F-score, i.e. harmonic mean of precision and recall.

\(F_{50}\) (fscore50):

\(F_{\beta}\) with \(\beta=0.5\); in particular, this score primes more precision over recall than the F-score.

accuracy:

Accuracy, i.e. rate of correctly classified mutations over all predictions.

balance:

Test dataset balance, i.e. deviation of the proportion of labels from 0.5; perfect balance should yield 0.

calibration:

Calibrarion, i.e. extent to which the average boostDM predicted score matches the proportion of positive labels – which in case of a balanced set would give 0.5. This is computed as \((\overline{\hat{y}_i} - \overline{y}_i) / \overline{y}_i\), where \(\hat{y}_i\) are the boostDM predicted values, \(y_i\) are the true labels, and bars denote averaging.

size:

Test size, i.e. total number of mutations in the test set.

Saturation predictions

saturation/prediction/<gene>.<tumor-type>.prediction.tsv.gz

Predictions for all possible mutations in the canonical transcript for a specific gene in a tumor type context. The file includes the following columns:

gene, ENSEMBL_TRANSCRIPT, ENSEMBL_GENE, chr, pos, alt, aachange, CLUSTL_SCORE, CLUSTL_cat_1, CLUSTL_cat_2, HotMaps_cat_1, HotMaps_cat_2, smRegions_cat_1, smRegions_cat_2, PhyloP, nmdAcetylation, Methylation, Phosphorylation, Regulatory_Site, Ubiquitination, csqn_type_missense, csqn_type_nonsense, csqn_type_splicing, csqn_type_synonymous, role_Act, role_LoF, selected_model_ttype, selected_model_gene, boostDM_score, boostDM_class, shap_CLUSTL_SCORE, shap_CLUSTL_cat_1, shap_CLUSTL_cat_2, shap_HotMaps_cat_1, shap_HotMaps_cat_2, shap_smRegions_cat_1, shap_smRegions_cat_2, shap_PhyloP, shap_nmd, shap_Acetylation, shap_Methylation, shap_Phosphorylation, shap_Regulatory_Site, shap_Ubiquitination, shap_csqn_type_missense, shap_csqn_type_nonsense, shap_csqn_type_splicing, shap_csqn_type_synonymous, shap_role_Act, shap_role_LoF

Columns with shap_ prefix:

They denote the SHAP values corresponding to the prefixed features. The meaning of these values are explained in the section Shapley Additive Explanations.
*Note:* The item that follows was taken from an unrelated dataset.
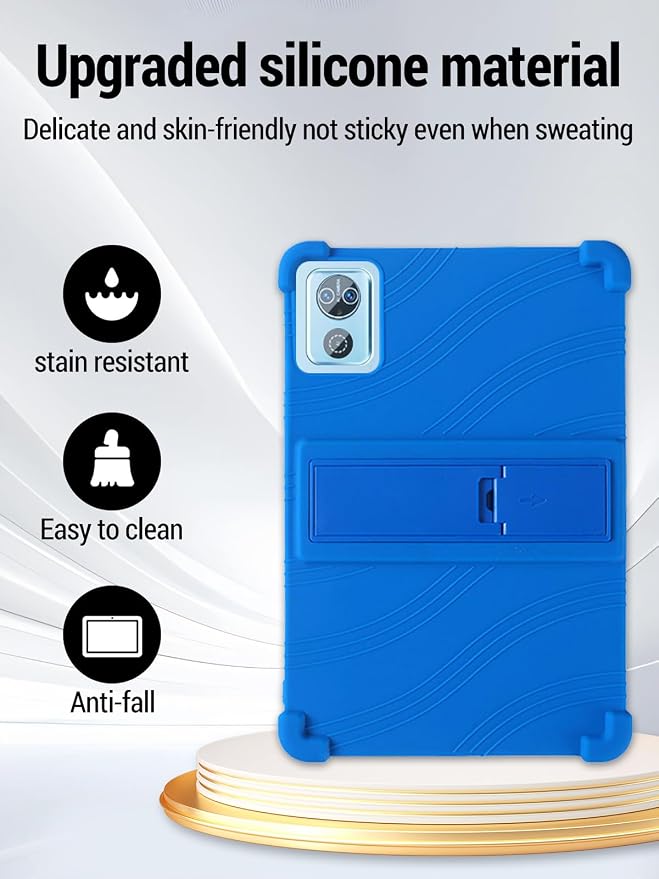 for DEERTiME E15 10 inch Android 15 Tablets Protective caseShockproof Lightweight Silicone Protective Cover with StandChild-Friendly ProtectionEasy to Clean DesignBlack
selected_gene_model, selected_model_ttype:

Represent the gene and tumor type context that was used to cast the predictions, in other words, which model was employed to cast the predictions in this case.

boostDM_score, boostDM_class:

Denote the prediction score and whether this score is higher than 0.5 which the method established as the threshold for driver potential.

Deprecation note:

At the moment the columns selected_gene_model, role_Act, role_LoF, shap_role_Act, shap_role_LoF are not informative. They were used in preliminary versions of the pipeline to handle analyses where pools of mutations from distinct genes were used for training meta-gene models. The current approach precludes this analysis and these columns will not be supported in forthcoming versions of the tool.